Monsieur Ralite, l'article tout à fait intéressant que vous avez fait paraître ce matin dans L'Humanité, écrit avec le talent que l'on vous connaît, était aussi une sorte d'inventaire à la Prévert d'un prétendu vertige des atteintes aux libertés dans le domaine de la culture. (Rires sur les travées de l'UMP.) Vous concluiez par une citation d'Umberto Eco : « Tout texte est une machine paresseuse qui prie le lecteur d'accomplir une partie de son propre travail. » Sans vouloir dire que cette citation était paresseuse, je me permettrai néanmoins d'apporter un complément que vous appelez de vos vœux en réponse à votre question.

Je vous rappellerai donc que le Président de la République et le Premier ministre ont, depuis deux ans et demi, marqué leur attachement au développement d'une politique culturelle très ambitieuse.

Le Président de la République a déclaré à Nîmes, le 13 janvier dernier : « Au moment où toutes nos certitudes vacillent, notre culture est notre meilleur appui pour construire ensemble les voies d'un développement équilibré et d'une civilisation durable. » (Rires et exclamations sur les travées du groupe CRC-SPG.) Le Gouvernement n'est pas dans l'incantation, mais clairement dans l'action.

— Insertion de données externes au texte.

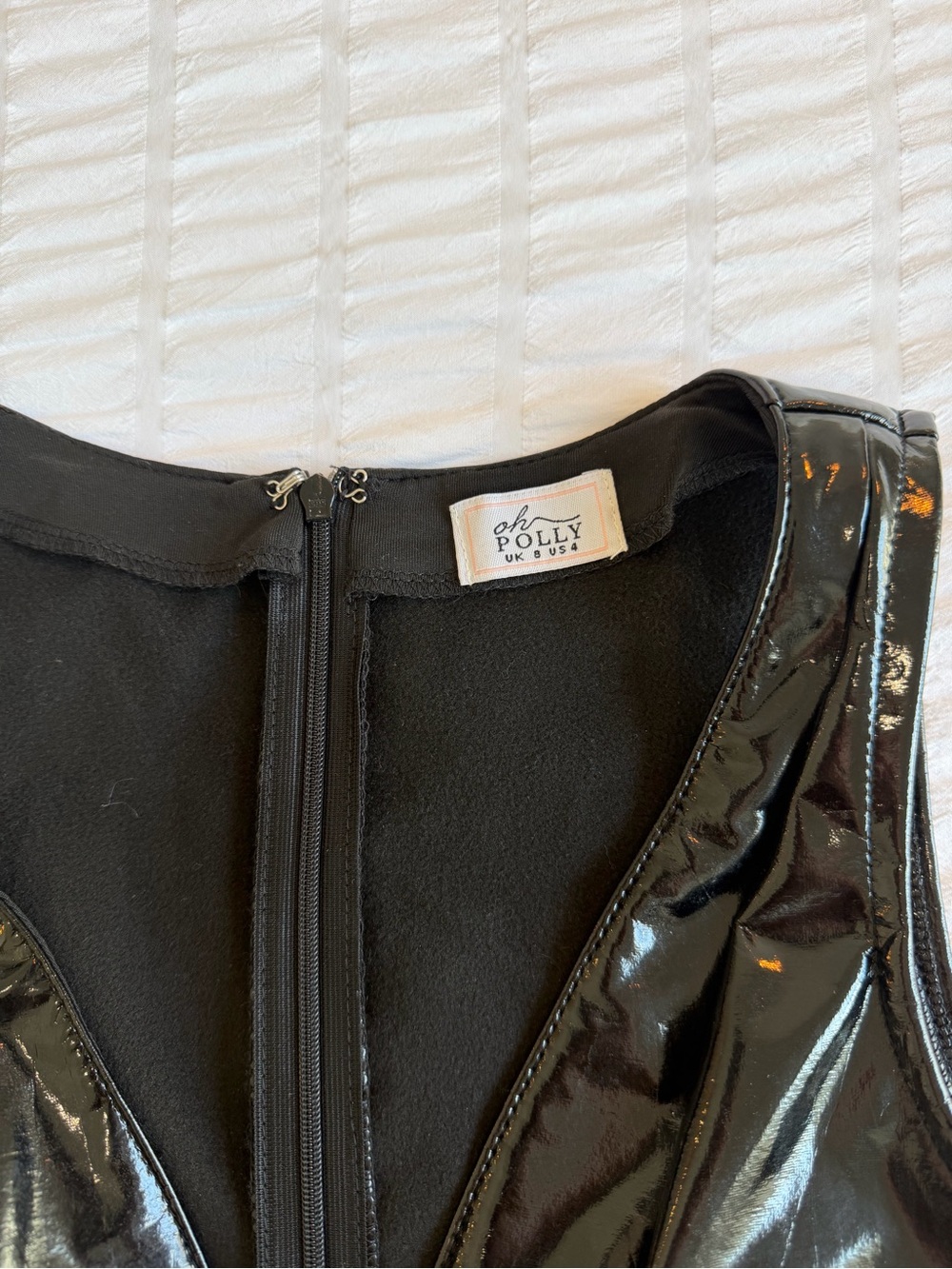 Oh Polly Plunge Neck Vinyl Bodysuit - Picture 6 of 9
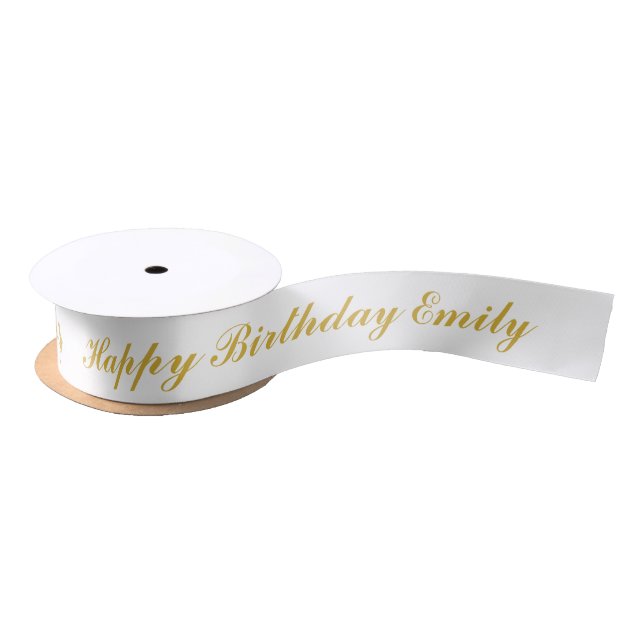 Happy Birthday Custom Name Gold Script Satin Ribbon (Spool)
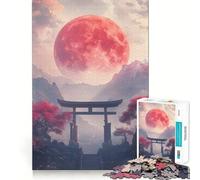 Puzzle a 1000 pezzi con porta Torii e luna rossa per adolescenti, ideale per sviluppare la memoria, facile da realizzare, con bordi puliti, a sorpresa per Natale (50x75cm)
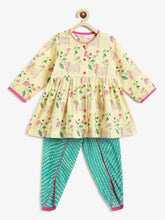 Load image into Gallery viewer, Campana Girls Asmi Dhoti Set - Pichwai Print - Off White &amp; Green
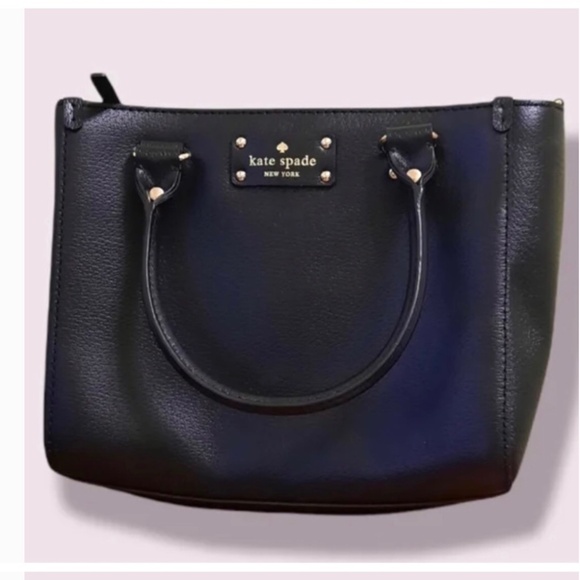 🥳🎉 HOST PICK !  Black Leather  ♠️ kate spade ♠️  handbag EUC - Picture 1 of 7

M. Jean-Pierre Sueur. Le budget vacille !

M. Frédéric Mitterrand, ministre. Le budget vacille, dites-vous ? Voici quelques exemples qui démentent cette assertion.

La priorité a été donnée au budget de la culture pour 2010, qui a connu une progression de moyens de près de 4 %. La défense de la création sous toutes ses formes est effective, que ce soit par le maintien du budget du spectacle vivant – 0,4 % –, par la défense des droits des créateurs sur internet, ou encore par la suppression progressive de la publicité à la télévision, qui a favorisé la création.

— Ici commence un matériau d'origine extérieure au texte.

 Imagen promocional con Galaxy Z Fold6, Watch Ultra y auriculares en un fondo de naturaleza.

Un autre exemple est le soutien au patrimoine et à l'architecture, dans le cadre du plan de relance du Grand Paris, avec l'inscription à long terme des moyens alloués à l'entretien et à la restauration de nos monuments historiques ; ils atteindront 400 millions d'euros en 2010.

Je pourrais citer bien d'autres exemples. Je ne vous parlerai pas du musée des civilisations de l'Europe et de la Méditerranée, le MUCEM, à Marseille, dont j'ai posé la première pierre, ni du Louvre à Lens, dont j'ai également posé la première pierre, ni du centre Pompidou de Metz, qui ouvrira dans quelques semaines.

Le financement de la numérisation, dont vous avez eu, à juste titre, monsieur Ralite, la bonne volonté de me créditer,…

M. Jean-Pierre Sueur. Les régions financent à 100 % !

M. Frédéric Mitterrand, ministre. … permettra à la France d'éviter la confrontation directe avec Google et entraînera une véritable stimulation européenne pour une numérisation de notre patrimoine, qui sera ainsi transmis à nos enfants dans le cadre d'une régulation par l'État de ce marché essentiel.

M. Jean-Pierre Raffarin. Bravo !

M. Frédéric Mitterrand, ministre. Je pourrais ajouter bien d'autres choses. Tout ce que je viens de dire le démontre : l'État n'est pas près de se désengager de la culture. (Applaudissements sur les travées de l'UMP et de l'Union centriste ainsi que sur certaines travées du RDSE. – Exclamations sur les travées du groupe CRC-SPG et du groupe socialiste.)